- _The problem_: Starting at the first line of the records below, reproduce every line up to and including the line with "So this is what", but leave out all pictures.
Segment Start: Data records
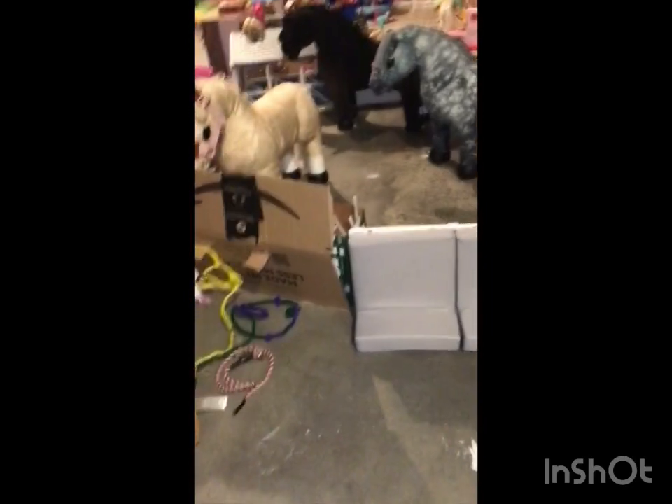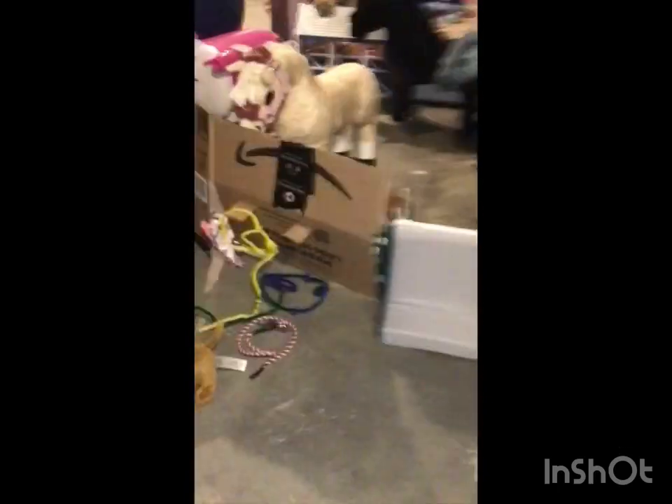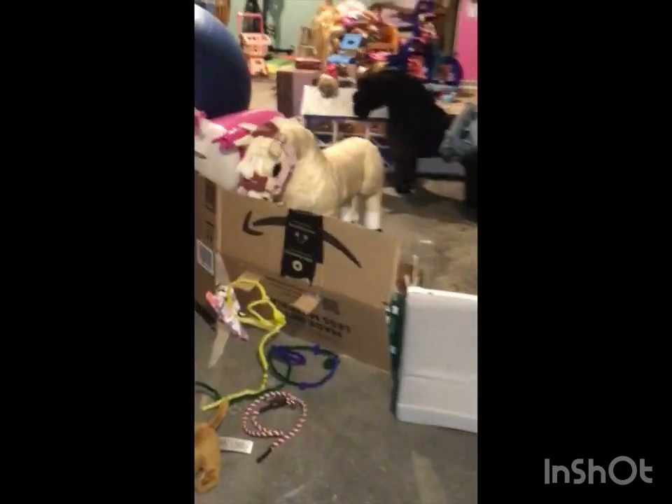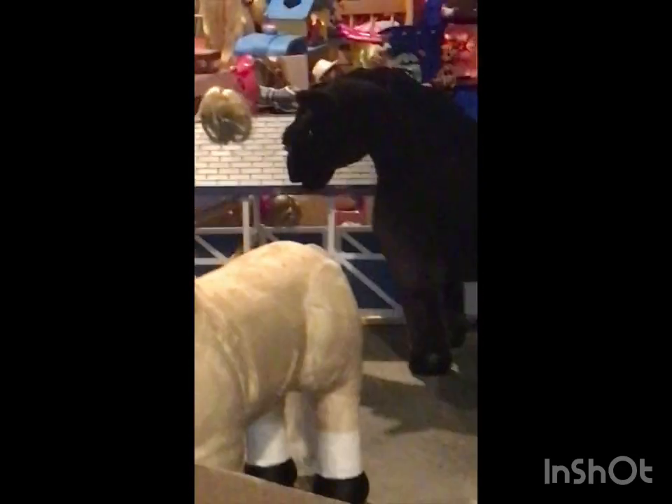Hey guys, welcome back to my YouTube channel. Today I'm doing a spa day — with him, him, and him. They're all getting a bath.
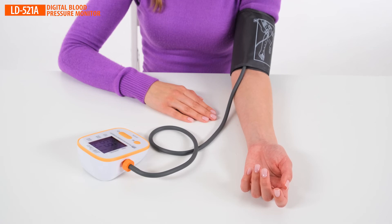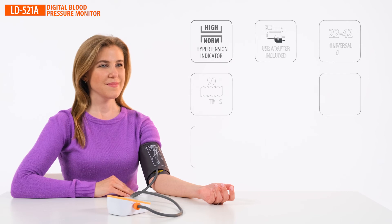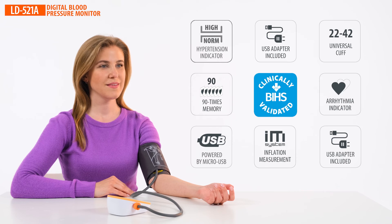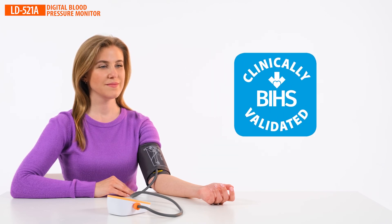LD blood pressure monitor advantages: high accuracy, measurement during cuff inflation, large easy-to-read screen, powered by any micro-USB power supply, and a safe certified adapter included. The blood pressure monitors are clinically tested and recommended for use by the British Hypertension Society.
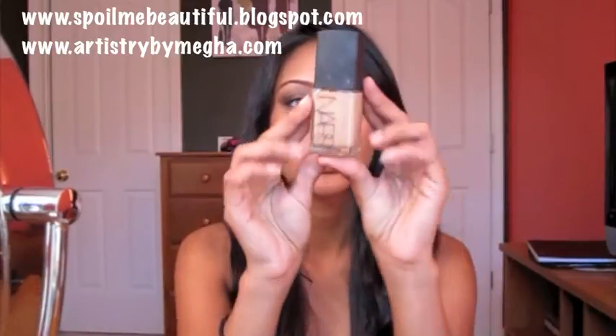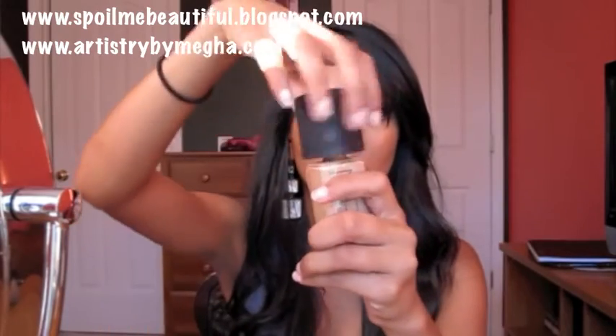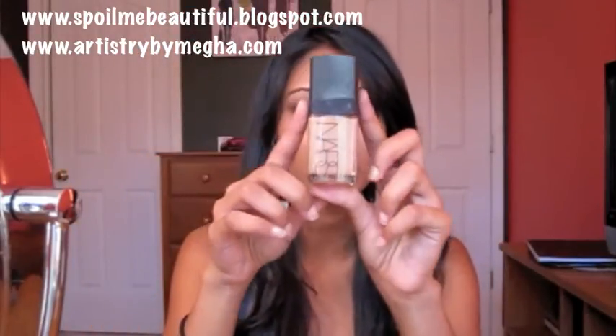So this is what the packaging looks like. It is a square bottle. When you open this, you just do that and it's like a round top. This is one fluid ounce, which is a lot of product.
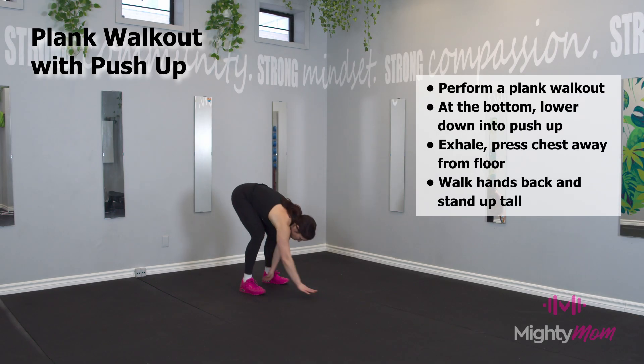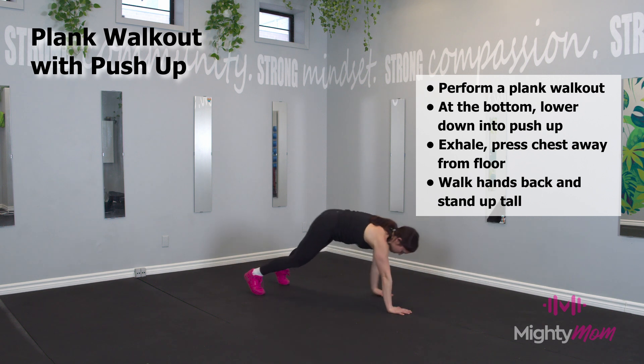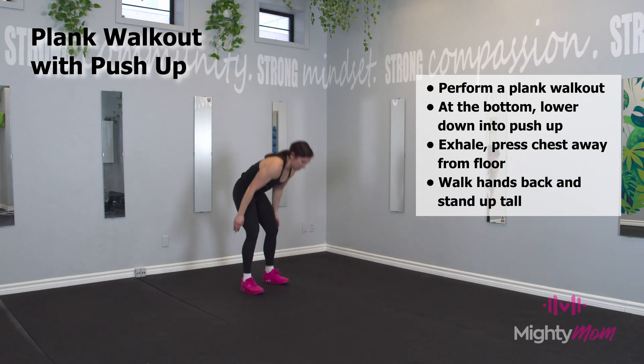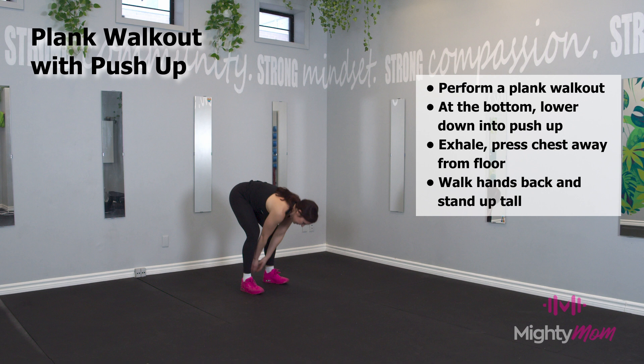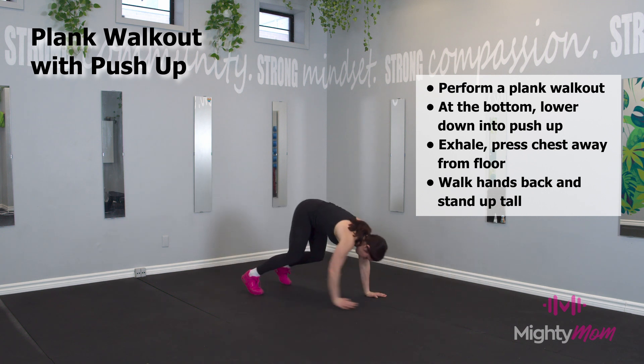Plank walk-out with push-up: start standing at the top of your mat. Put your hands on the floor and walk yourself all the way out to the top of a push-up plank position. Tap your chest in between your hands, do a push-up, and walk your hands all the way back and stand up straight.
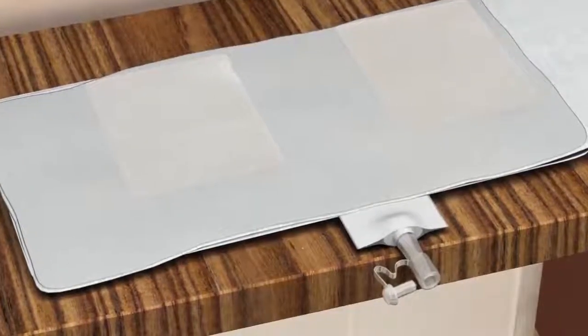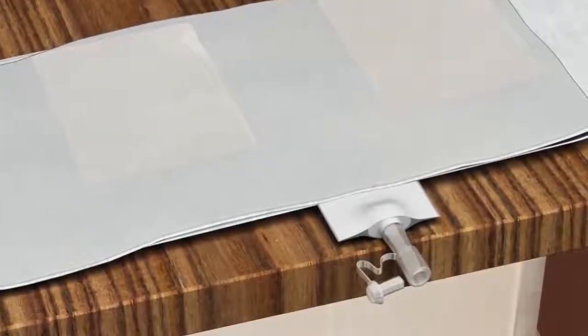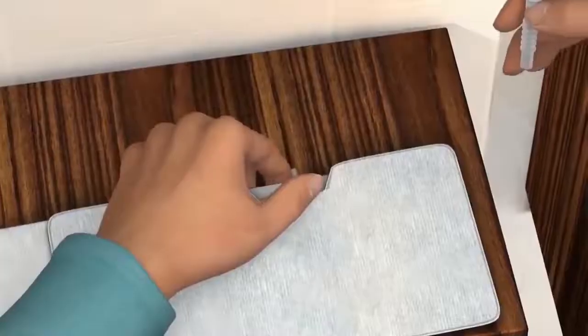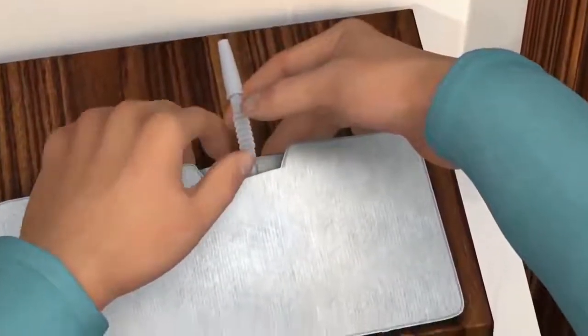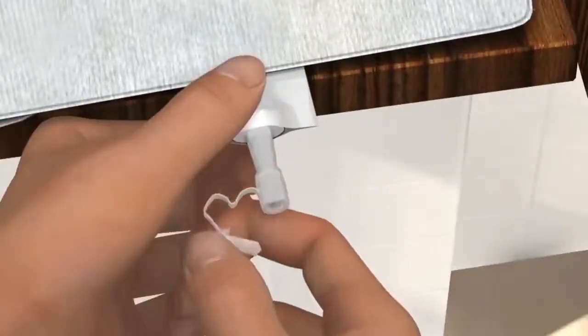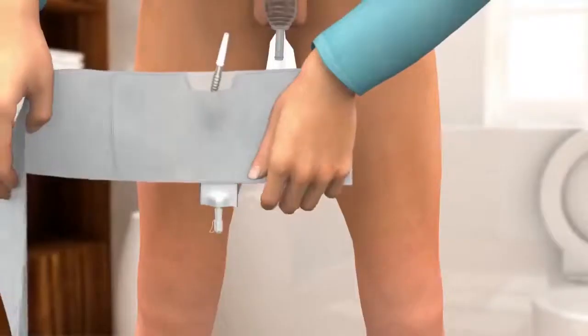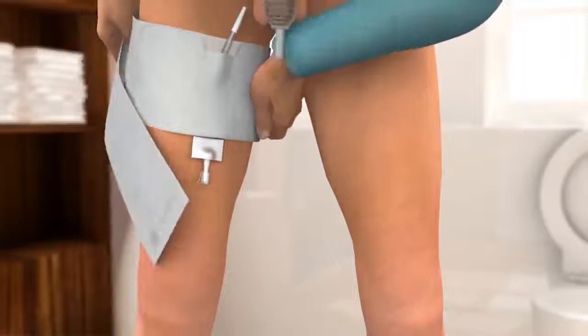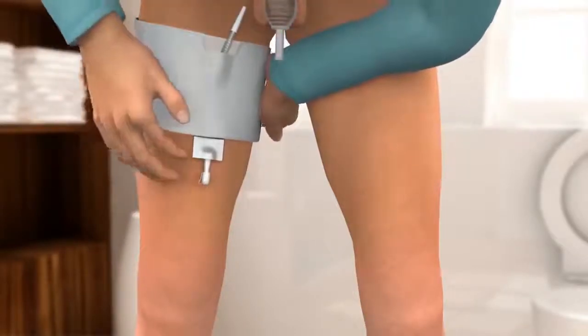Unpack and unfold the urine bag. The bag is for daytime use and has a capacity of 250 millilitres. Connect the tube with the inlet valve at the top of the bag. Close the outlet tap. Remove the protective film from the two adhesive patches on the back side of the bag. The bag is designed to be worn on the right thigh, but it can also be used on the left thigh. Hold the bag with the inlet connector pointed upwards and the outlet tap pointed downwards.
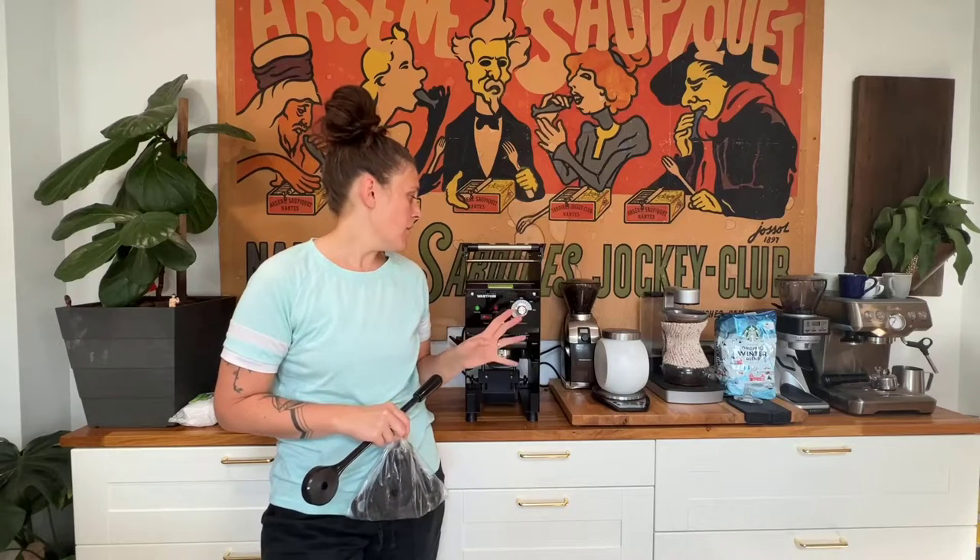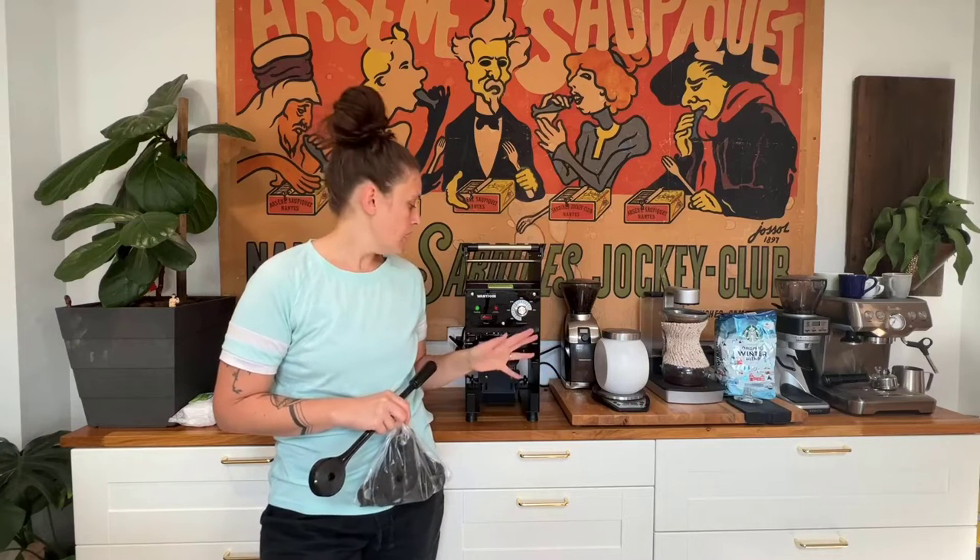I just got a cup sealing machine for events and fundraisers that we do at my child's school, so I'm going to show you how to set it up and how it works. This one is really great because it can be used with different types of plastic and paper cups, so you don't have to order one specific type — you'll be able to use multiple options.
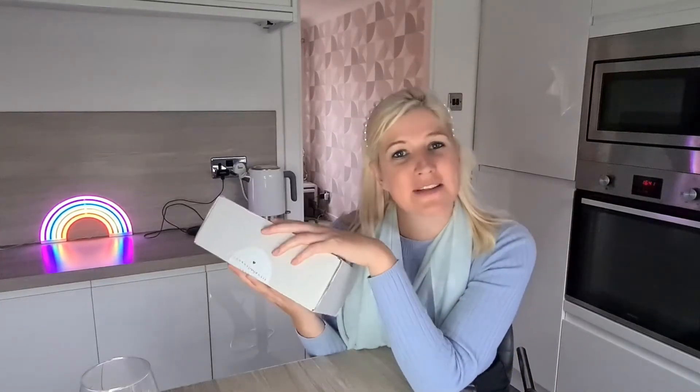Hi guys and welcome back to housing's world. If you're new here please don't forget to hit that like and subscribe button. If you are returning then thanks so much for doing so. I will insert my social media in case you want to follow me on Facebook and Instagram. Today I thought I would do an unboxing video with you.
Segment End: Data records
- _The completed task_:
Hey guys, welcome back to my YouTube channel. Today I'm doing a spa day — with him, him, and him. They're all getting a bath.
LD blood pressure monitor advantages: high accuracy, measurement during cuff inflation, large easy-to-read screen, powered by any micro-USB power supply, and a safe certified adapter included. The blood pressure monitors are clinically tested and recommended for use by the British Hypertension Society.
So this is what the packaging looks like. It is a square bottle. When you open this, you just do that and it's like a round top. This is one fluid ounce, which is a lot of product.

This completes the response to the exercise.